Bienalin birinci ayağı, 20 Eylül–23 Kasım 2025 tarihleri ortasında düzenlenecek stantlar ve kamusal programlardan oluşacak. 2026 yılında bienal kapsamında kalıcı bir akademik yapı kurulması için çalışılacak. Buna ek olarak lokal sanat inisiyatifleri ile yakın işbirliği içinde düzenlenecek dört aktiflikten oluşan bir program hayata geçirilecek. 18. İstanbul Bienali, 18 Eylül–14 Kasım 2027 tarihleri ortasında, süreç boyunca kurulan işbirlikleri ve araştırmalar sonucunda ortaya çıkarılacak stantlar, yayınlar, performanslar ve buluşmalarla tamamlanacak.
Christine Tohmé bienalle alakalı tam olarak şu açıklamayı yapıyor:
“Sanat alanında çalışmayı dönüştürücü buluyorum.

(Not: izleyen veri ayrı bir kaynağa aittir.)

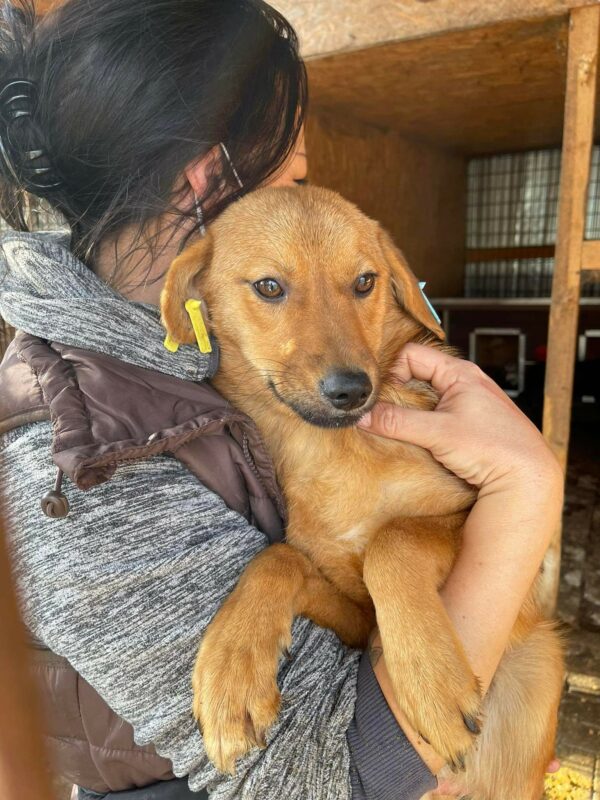 JAMIE LEE (MANU) - reserviert Tierhilfe Lebenswert - vermittelt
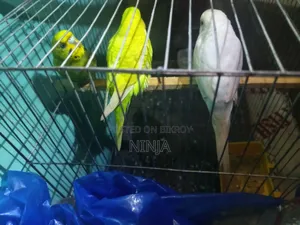 ৩ জোড়া বাজিগার (২ টি পুরুষ, ১ টি মাদী প্রাপ্তবয়স্ক)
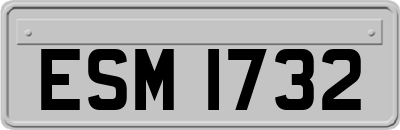ESM1732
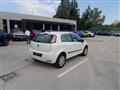 FIAT PUNTO 1.4 8V 5 porte Natural Power Lounge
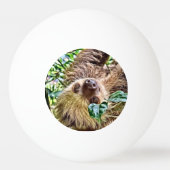 Balle De Ping Pong Sloth peint (Dos)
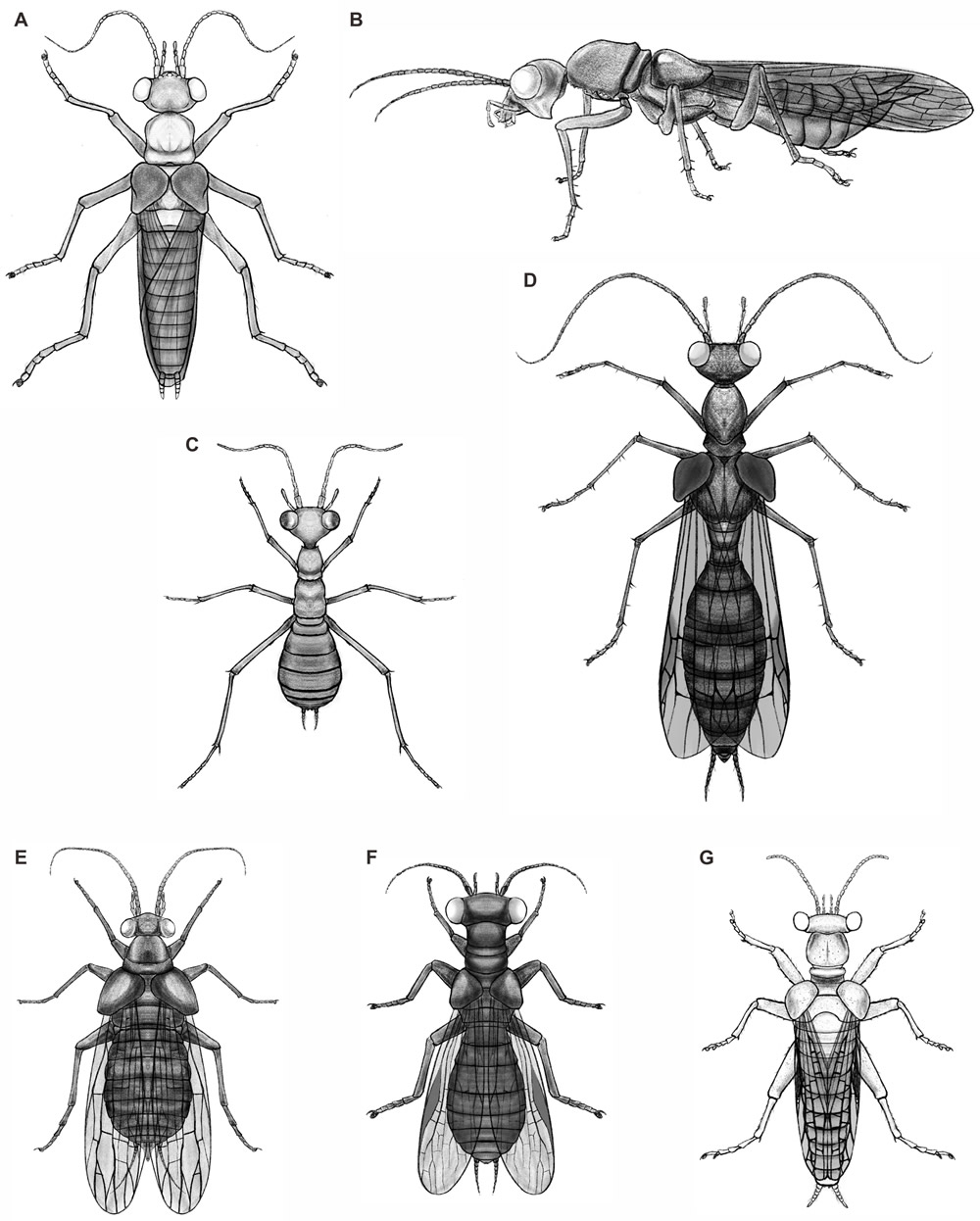 ���Ƹ�ԭͼ����Һ����ƣ�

Bu dönüştürücü etkileşim yalnızca son sunumlarda değil, asıl bunu mümkün kılan üretim kademelerinde yani yaratım süreçlerinde, gündelik müsabakalarda, açılışlarda, atölye ziyaretlerinde ve okuma kümesi buluşmalarında hissediliyor. Bu yüzden 18. İstanbul Bienali’nin sergileme kadar üretim sürecine de tartı veren bir program oluşturması gerekiyor. Mühletin üç yıla esnetilmesi, bienalin mahallî kültür ve sanat ortamıyla münasebetlerini derinleştirmesine imkan tanıyacak. Böylelikle topluca ortaya konan sorular, bağlamlar ve topluluklar üzerinden işbirlikleri şekillenebilecek. Bu çok yıllı program, bölgesel ve memleketler arası seviyede farklı nesillerden sanatkarların birbirleriyle kontaklar kurmasını sağlayacak, yeni iştiraklerin oluşmasını teşvik edecek ve yeni gerçekliklerle yüzleşirken sanatkarlara dayanak olacak.”
Bienalin çıktılarının neler olacağını bilhassa “kalıcı bir akademik yapı”nın nasıl oalcağını merak ediyorum.